*** Opening INPUT RECORDS ***
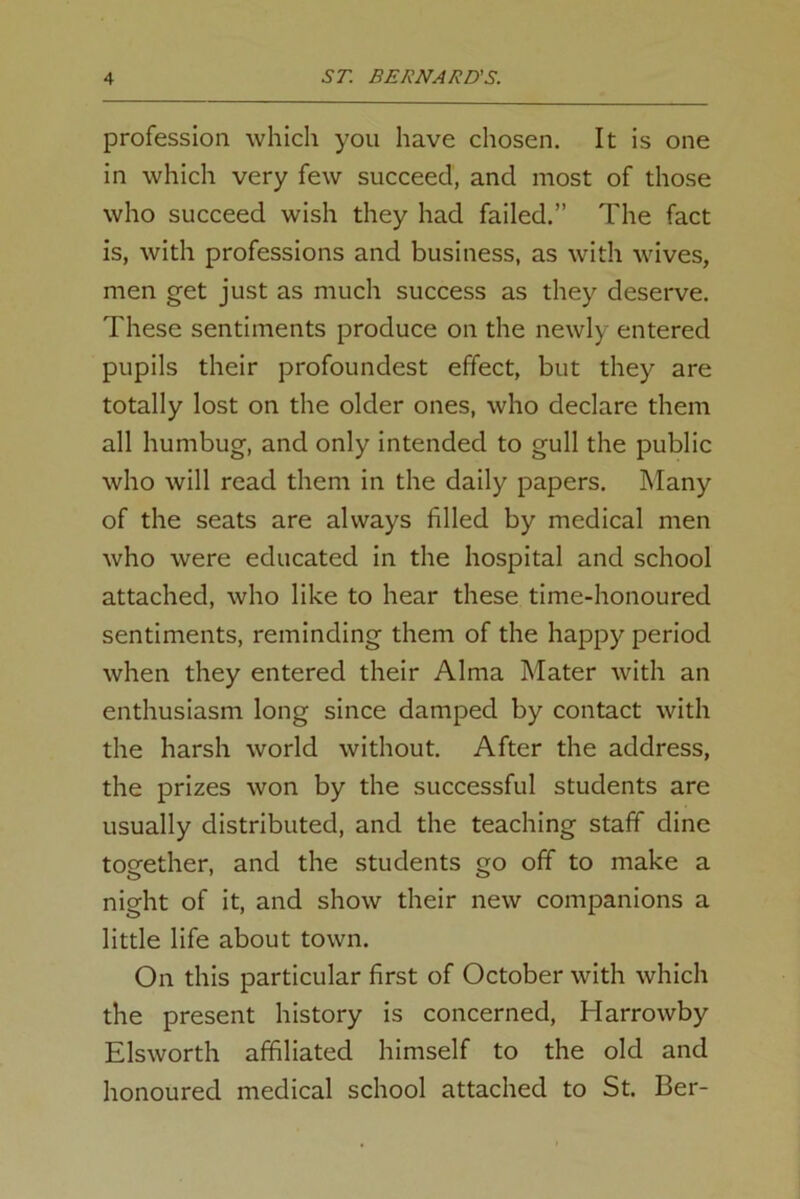 profession which you have chosen. It is one in which very few succeed, and most of those who succeed wish they had failed.” The fact is, with professions and business, as with wives, men get just as much success as they deserve. These sentiments produce on the newly entered pupils their profoundest effect, but they are totally lost on the older ones, who declare them all humbug, and only intended to gull the public who will read them in the daily papers. Many of the seats are always filled by medical men who were educated in the hospital and school attached, who like to hear these time-honoured sentiments, reminding them of the happy period when they entered their Alma Mater with an enthusiasm long since damped by contact with the harsh world without. After the address, the prizes won by the successful students are usually distributed, and the teaching staff dine together, and the students go off to make a night of it, and show their new companions a little life about town. On this particular first of October with which the present history is concerned, Harrowby Elsworth affiliated himself to the old and honoured medical school attached to St. Ber-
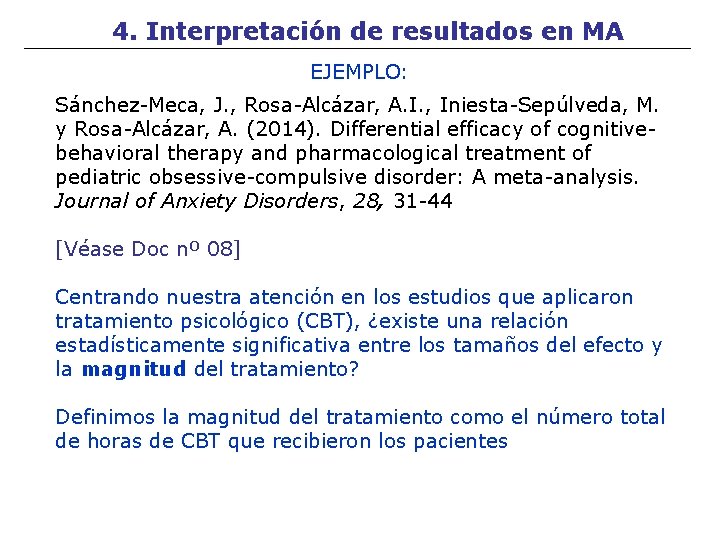 4. Interpretación de resultados en MA EJEMPLO: Sánchez-Meca, J. , Rosa-Alcázar, A. I. ,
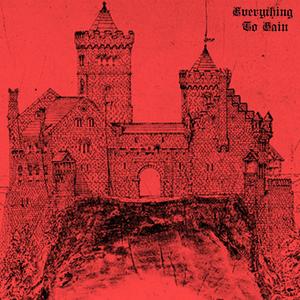 Everything To Gain (Explicit)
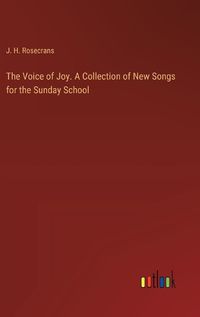 Cover image for The Voice of Joy. A Collection of New Songs for the Sunday School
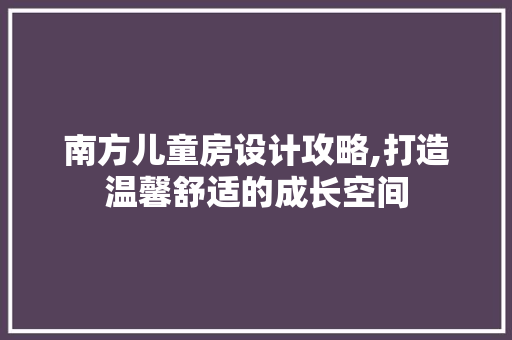 南方儿童房设计攻略,打造温馨舒适的成长空间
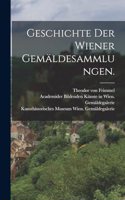 Geschichte der Wiener Gemäldesammlungen.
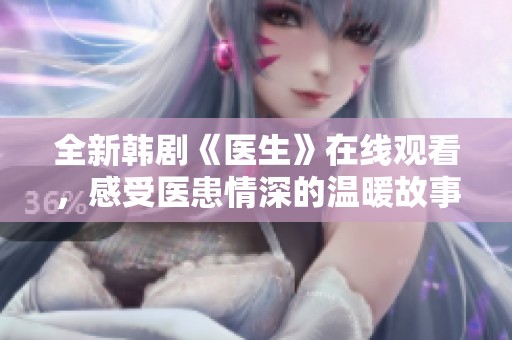 全新韩剧《医生》在线观看，感受医患情深的温暖故事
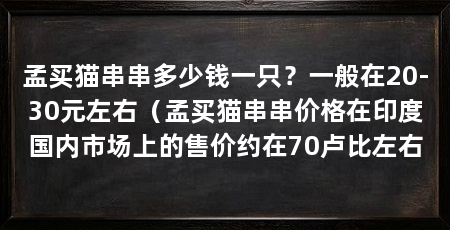 孟买猫串串多少钱一只？一般在20-30元左右（孟买猫串串价格在印度国内市场上的售价约在70卢比左右
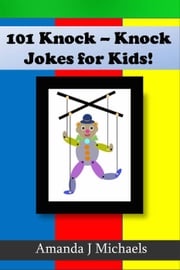 101 Best Knock Knock Jokes for Kids Spreading Laughter Among Kids Amanda J Michaels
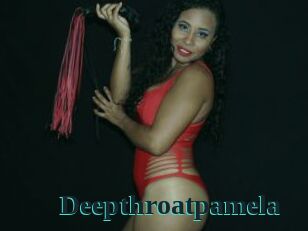 Deepthroatpamela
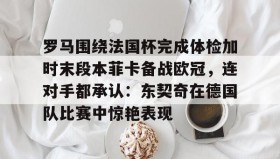 乐动体育官方网站-包含罗马围绕法国杯完成体检加时末段本菲卡备战欧冠，连对手都承认：东契奇在德国队比赛中惊艳表现的词条
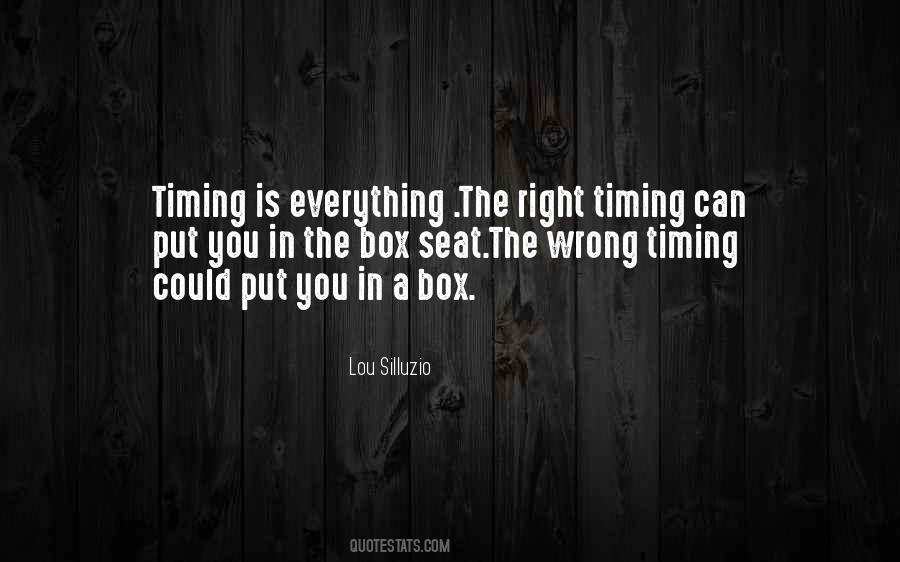 Timing Is Wrong Quotes #1702485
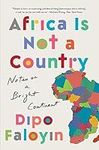 Africa Is Not a Country: Notes on a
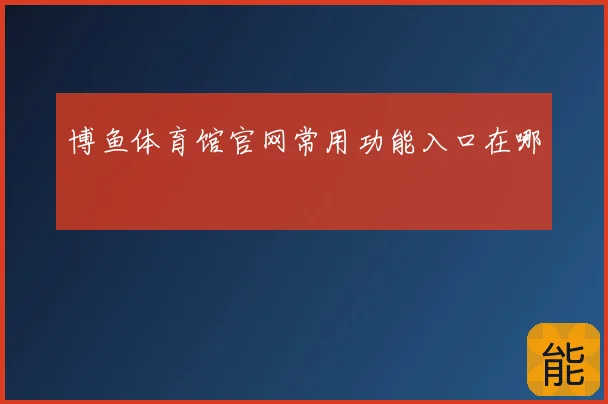 博鱼体育馆官网常用功能入口在哪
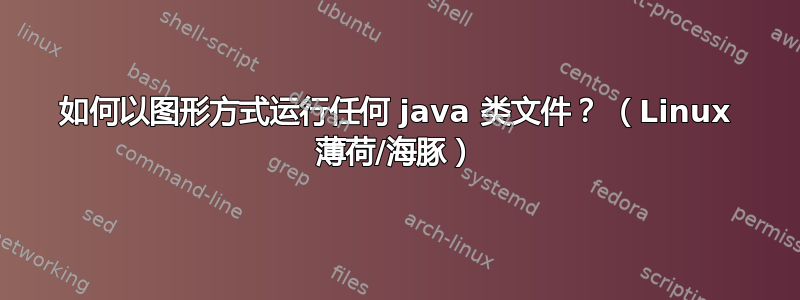 如何以图形方式运行任何 java 类文件？ （Linux 薄荷/海豚）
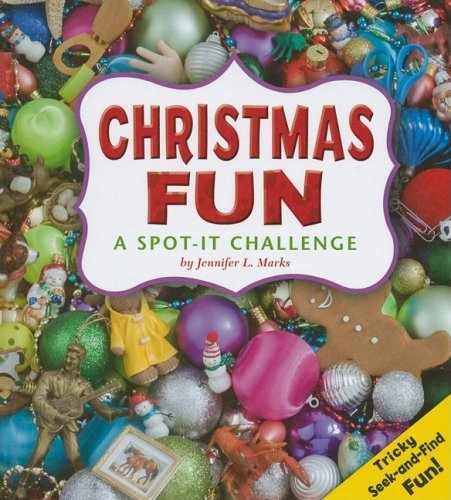 Christmas Fun: A Spot-It – Library Binding, by Marks Jennifer L. – Very Good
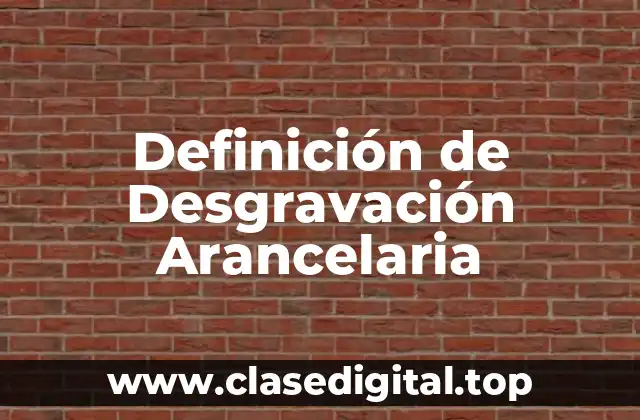 Definición de Desgravación Arancelaria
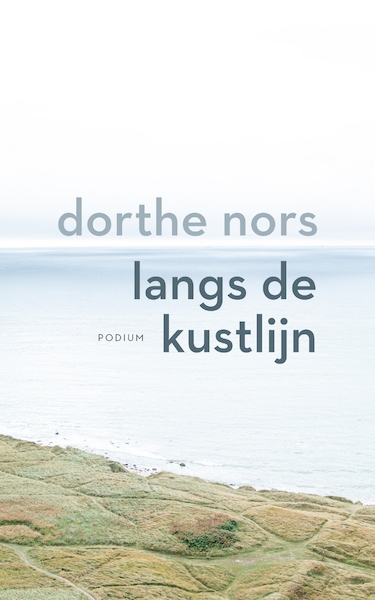 Langs de kustlijn - Dorthe Nors (ISBN 9789463811286)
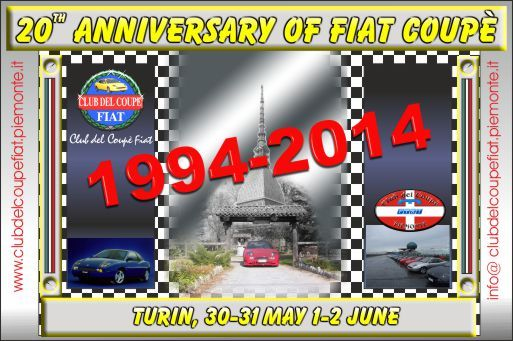 20° ANNIVERSARIO DEL FIAT COUPE'  1994-2014  TORINO, 30-31 MAGGIO 1-2 GIUGNO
*** Closing INPUT RECORDS ***
| WHAT THE EXERCISE ASKS |
The copy should hold exactly the lines from the one containing "如何以图形方式运行任何 java 类文件？ （Linux 薄荷/海豚）" through the final line of the records above, both ends included, and no picture.

| WRITTEN RESPONSE |
 如何以图形方式运行任何 java 类文件？ （Linux 薄荷/海豚）
 Christmas Fun: A Spot-It – Library Binding, by Marks Jennifer L. – Very Good
 Definición de Desgravación Arancelaria
 Langs de kustlijn - Dorthe Nors (ISBN 9789463811286)
 20° ANNIVERSARIO DEL FIAT COUPE'  1994-2014  TORINO, 30-31 MAGGIO 1-2 GIUGNO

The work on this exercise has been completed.